• _Available records_
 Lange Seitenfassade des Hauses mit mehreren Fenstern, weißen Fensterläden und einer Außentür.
---
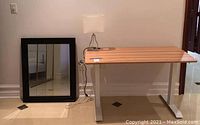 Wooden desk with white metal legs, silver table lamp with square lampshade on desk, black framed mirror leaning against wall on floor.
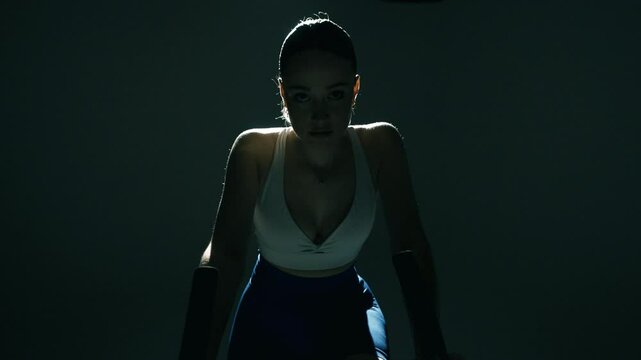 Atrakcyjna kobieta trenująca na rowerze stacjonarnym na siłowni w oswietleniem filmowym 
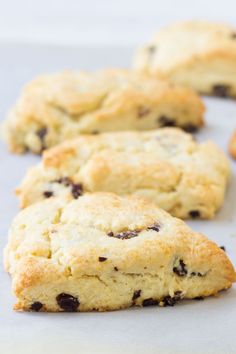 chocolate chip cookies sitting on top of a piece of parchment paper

• _Exercise description_
Leaving out each picture, repeat exactly the lines above from the one that contains "Wooden desk with" through the one that contains "chocolate chip cookies".

• _Task answer_
 Wooden desk with white metal legs, silver table lamp with square lampshade on desk, black framed mirror leaning against wall on floor.
 Atrakcyjna kobieta trenująca na rowerze stacjonarnym na siłowni w oswietleniem filmowym 
 chocolate chip cookies sitting on top of a piece of parchment paper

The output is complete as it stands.